The Globe and the Mail released a piece today entitled, “Shareholders should look to lock in gains on Lightspeed shares amid competitive pressures.”
The article is behind a paywall on my laptop, but readable on my phone so I don’t know what the heck is up, but it doesn’t seem to really land any solid blows, downplaying growth. In summary…
- Considered the short report “Hard to digest” and basically a throw-everything-at-the-wall hit piece, but didn’t like how management referred to Spruce’s “numerous important inaccuracies and mischaracterizations” without pointing out what those inaccuracies were. That bugged me, too.
2)The POS hardware - used to have 20% margins. Now they’re losing 20% on it. This has eroded the company’s overall margins to pre-pandemic levels. (Me: Is this like SQ giving aware their toggles? That would be a good move, not bad, locking in customers. And even though operating margins are lower, revenue soared over 200%, right?) - Making expensive acquisitions to win new customers at any cost.

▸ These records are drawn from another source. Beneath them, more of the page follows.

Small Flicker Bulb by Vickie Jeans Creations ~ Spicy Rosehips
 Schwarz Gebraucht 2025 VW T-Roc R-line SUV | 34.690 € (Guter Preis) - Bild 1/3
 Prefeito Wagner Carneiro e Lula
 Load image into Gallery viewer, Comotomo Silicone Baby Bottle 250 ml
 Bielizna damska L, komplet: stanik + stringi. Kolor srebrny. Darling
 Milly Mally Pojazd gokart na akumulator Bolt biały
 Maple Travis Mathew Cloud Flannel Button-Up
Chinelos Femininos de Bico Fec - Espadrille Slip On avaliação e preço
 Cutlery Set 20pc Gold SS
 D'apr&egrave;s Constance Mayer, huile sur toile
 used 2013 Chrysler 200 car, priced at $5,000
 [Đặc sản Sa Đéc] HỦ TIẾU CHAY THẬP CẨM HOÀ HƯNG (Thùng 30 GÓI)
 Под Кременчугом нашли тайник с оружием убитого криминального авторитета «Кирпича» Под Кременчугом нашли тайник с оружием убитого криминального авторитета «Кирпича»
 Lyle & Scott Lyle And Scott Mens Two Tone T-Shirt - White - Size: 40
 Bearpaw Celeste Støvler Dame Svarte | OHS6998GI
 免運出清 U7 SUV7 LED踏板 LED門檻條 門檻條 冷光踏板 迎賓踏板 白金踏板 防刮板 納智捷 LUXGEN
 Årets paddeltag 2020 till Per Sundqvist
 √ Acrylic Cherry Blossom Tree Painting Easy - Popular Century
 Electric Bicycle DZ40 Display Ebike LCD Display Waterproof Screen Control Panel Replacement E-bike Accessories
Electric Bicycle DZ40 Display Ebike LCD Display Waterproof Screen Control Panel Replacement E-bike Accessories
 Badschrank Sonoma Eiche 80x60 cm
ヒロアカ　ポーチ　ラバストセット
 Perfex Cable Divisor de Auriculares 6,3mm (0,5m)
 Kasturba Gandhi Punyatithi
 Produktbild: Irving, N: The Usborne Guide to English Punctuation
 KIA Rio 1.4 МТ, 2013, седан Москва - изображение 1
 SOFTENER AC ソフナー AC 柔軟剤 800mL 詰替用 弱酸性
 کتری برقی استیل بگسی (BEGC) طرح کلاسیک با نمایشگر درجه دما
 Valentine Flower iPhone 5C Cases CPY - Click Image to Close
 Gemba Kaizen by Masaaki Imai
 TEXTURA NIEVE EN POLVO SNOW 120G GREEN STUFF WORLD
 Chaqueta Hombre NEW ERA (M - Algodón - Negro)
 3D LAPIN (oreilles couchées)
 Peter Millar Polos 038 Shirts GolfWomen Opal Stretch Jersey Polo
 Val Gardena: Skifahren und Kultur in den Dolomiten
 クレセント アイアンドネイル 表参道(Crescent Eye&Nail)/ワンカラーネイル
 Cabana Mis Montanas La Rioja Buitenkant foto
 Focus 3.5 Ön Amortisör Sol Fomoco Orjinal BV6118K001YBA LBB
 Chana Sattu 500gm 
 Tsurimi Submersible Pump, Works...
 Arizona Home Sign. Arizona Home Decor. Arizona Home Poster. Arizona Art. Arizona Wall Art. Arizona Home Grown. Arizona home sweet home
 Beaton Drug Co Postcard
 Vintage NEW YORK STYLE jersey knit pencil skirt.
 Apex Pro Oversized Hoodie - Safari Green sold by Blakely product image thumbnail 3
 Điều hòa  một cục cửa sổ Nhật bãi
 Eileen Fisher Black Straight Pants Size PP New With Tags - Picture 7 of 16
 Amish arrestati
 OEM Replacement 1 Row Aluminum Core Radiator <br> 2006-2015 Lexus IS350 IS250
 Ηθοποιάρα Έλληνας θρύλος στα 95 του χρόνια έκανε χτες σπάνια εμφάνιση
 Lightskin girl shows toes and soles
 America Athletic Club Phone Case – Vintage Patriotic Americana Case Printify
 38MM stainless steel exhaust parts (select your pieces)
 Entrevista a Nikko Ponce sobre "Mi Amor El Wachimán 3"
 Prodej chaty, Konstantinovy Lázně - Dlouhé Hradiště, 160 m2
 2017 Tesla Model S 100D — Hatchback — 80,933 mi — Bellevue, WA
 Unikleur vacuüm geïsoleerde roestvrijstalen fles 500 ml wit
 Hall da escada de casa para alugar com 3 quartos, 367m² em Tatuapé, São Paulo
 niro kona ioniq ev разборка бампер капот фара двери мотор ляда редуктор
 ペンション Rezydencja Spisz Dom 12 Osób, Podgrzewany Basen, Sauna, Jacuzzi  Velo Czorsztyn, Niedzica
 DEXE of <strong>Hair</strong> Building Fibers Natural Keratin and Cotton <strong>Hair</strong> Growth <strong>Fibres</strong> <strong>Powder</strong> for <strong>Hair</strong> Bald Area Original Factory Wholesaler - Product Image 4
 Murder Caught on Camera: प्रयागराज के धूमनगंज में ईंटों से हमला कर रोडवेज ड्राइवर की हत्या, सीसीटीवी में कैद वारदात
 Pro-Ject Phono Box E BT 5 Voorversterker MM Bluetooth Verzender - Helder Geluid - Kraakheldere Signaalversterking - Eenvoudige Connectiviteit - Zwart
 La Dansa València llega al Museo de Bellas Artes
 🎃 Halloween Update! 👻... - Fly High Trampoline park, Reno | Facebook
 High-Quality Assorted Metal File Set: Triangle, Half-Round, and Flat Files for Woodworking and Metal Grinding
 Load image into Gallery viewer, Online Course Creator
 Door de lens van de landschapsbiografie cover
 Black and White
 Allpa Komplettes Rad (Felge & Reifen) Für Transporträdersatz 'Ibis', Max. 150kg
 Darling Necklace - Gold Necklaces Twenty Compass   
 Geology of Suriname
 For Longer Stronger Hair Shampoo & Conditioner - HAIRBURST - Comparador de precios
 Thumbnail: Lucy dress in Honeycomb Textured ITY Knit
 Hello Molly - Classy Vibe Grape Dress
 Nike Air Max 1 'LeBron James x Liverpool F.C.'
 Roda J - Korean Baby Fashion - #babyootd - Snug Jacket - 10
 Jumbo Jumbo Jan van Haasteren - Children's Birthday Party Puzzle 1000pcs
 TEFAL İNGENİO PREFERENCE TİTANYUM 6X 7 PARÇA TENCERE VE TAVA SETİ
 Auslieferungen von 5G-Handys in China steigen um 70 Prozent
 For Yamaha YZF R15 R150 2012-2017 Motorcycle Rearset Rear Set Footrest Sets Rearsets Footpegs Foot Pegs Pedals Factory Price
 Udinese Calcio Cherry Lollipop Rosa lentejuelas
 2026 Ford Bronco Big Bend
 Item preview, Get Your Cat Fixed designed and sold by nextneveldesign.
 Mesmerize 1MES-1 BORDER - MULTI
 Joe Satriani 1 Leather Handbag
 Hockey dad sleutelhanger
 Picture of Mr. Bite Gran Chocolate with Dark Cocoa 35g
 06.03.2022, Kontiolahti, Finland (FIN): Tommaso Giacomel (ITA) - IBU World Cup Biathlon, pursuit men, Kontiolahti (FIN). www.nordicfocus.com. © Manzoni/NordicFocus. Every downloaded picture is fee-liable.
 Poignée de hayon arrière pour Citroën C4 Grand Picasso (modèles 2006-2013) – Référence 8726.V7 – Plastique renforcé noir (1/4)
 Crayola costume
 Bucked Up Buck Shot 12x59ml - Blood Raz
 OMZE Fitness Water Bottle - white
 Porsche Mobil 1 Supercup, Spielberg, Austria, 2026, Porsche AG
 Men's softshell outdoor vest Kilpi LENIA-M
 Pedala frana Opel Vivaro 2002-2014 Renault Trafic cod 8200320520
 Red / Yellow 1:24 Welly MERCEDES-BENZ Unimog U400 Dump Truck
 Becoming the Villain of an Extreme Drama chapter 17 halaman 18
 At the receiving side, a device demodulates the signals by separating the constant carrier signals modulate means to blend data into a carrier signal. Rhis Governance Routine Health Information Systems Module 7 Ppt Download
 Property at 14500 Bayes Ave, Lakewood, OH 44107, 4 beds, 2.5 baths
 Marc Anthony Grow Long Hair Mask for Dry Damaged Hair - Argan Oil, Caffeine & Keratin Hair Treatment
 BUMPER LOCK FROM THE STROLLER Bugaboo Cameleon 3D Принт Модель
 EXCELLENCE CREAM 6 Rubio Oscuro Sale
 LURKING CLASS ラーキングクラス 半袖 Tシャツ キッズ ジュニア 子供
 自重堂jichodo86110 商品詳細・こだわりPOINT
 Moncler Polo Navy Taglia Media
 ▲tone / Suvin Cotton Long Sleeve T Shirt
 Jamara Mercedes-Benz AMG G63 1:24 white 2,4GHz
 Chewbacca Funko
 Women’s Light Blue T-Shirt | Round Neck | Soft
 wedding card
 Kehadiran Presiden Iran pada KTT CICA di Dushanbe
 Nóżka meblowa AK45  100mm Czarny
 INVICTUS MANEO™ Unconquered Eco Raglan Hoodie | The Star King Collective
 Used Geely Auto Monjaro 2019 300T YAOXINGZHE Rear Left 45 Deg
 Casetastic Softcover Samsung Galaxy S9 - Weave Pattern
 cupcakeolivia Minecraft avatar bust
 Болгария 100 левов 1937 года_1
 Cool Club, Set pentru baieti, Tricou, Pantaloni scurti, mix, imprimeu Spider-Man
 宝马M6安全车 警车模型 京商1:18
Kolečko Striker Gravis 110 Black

- Too many brick-and-mortar customers. “The economics of ecom sellers, as measured by revenue per location, are less compelling than those of its bricks and mortar retailers.” - quoting a report from Veritas Investment Research, another Canadian firm who has written negatively about the company.
- Competition with Shopify
- Valuation
“Looks like a company racing to adapt to the future rather than powerfully charting its own course.”